Melanie Möller streitet mit ihrem Buch »Der* ent_mündigte Lese:r« vorgeblich für die Freiheit der Literatur

Die Axt im Wald der Cancel Culture

Melanie Möllers Streitschrift für die Freiheit der Literatur verteidigt einen Begriff von Mündigkeit, der von ästhetischer Erfahrung genauso wenig weiß wie diejenigen, die sie attackiert.

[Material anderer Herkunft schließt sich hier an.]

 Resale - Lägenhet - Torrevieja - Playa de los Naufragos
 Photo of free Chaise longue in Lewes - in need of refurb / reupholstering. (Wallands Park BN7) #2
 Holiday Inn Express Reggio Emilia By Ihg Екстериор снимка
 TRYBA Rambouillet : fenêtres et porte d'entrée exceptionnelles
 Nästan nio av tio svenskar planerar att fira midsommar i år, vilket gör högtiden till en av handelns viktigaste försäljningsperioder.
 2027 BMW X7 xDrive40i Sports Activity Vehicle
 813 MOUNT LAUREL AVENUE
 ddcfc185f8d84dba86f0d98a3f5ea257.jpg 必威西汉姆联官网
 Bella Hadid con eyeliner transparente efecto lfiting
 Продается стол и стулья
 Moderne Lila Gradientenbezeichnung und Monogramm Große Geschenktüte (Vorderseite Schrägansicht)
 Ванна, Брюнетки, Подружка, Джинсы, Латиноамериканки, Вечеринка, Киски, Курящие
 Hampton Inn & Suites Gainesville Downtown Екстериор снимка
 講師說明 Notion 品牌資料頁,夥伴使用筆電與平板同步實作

Das neueste Pamphlet gegen Cancel Culture und politisch korrekte Sprachreinigung trägt als Motto ein längst zum Gassenhauer heruntergebrachtes Zitat Franz Kafkas, das aus einem 1904 geschriebenen Brief des Autors an dessen Schulfreund Oskar Pollak stammt. Darin heißt es: »Ich glaube, man sollte überhaupt nur solche Bücher lesen, die einen beißen und stechen. Wenn das Buch, das wir lesen, uns nicht mit einem Faustschlag auf den Schädel weckt, wozu lesen wir dann das Buch? Damit es uns glücklich macht, wie Du schreibst? (…) Wir brauchen (…) die Bücher, die auf uns wirken wie ein Unglück (…), wie wenn wir in Wälder verstoßen würden, von allen Menschen weg, wie ein Selbstmord, ein Buch muß die Axt sein für das gefrorene Meer in uns.«

Das klingt radikal, und jeder sich authentisch-kunstsinnig Dünkende wird es abnicken, ohne darüber nachzudenken, dass Kafka, als er die Zeilen schrieb, gerade 20 Jahre alt war und sein schriftstellerisches Leben noch weitgehend vor sich hatte; ein paar Jahre später hätte er sich derlei primanerhafte Existentialismen ebenso wenig durchgehen lassen wie die vom Biss über den Faustschlag zum Axthieb verrutschende Metapher. Gerade wegen seines existentialistischen Pathos aber ist das Zitat heutzutage beliebt. Dass große Literatur ihre Leser provozieren, Erwartungen stören und Stereotype dekonstruieren müsse, gehört zum schlechten common sense eines sich zuverlässig progressiv fühlenden Kunstbetriebs.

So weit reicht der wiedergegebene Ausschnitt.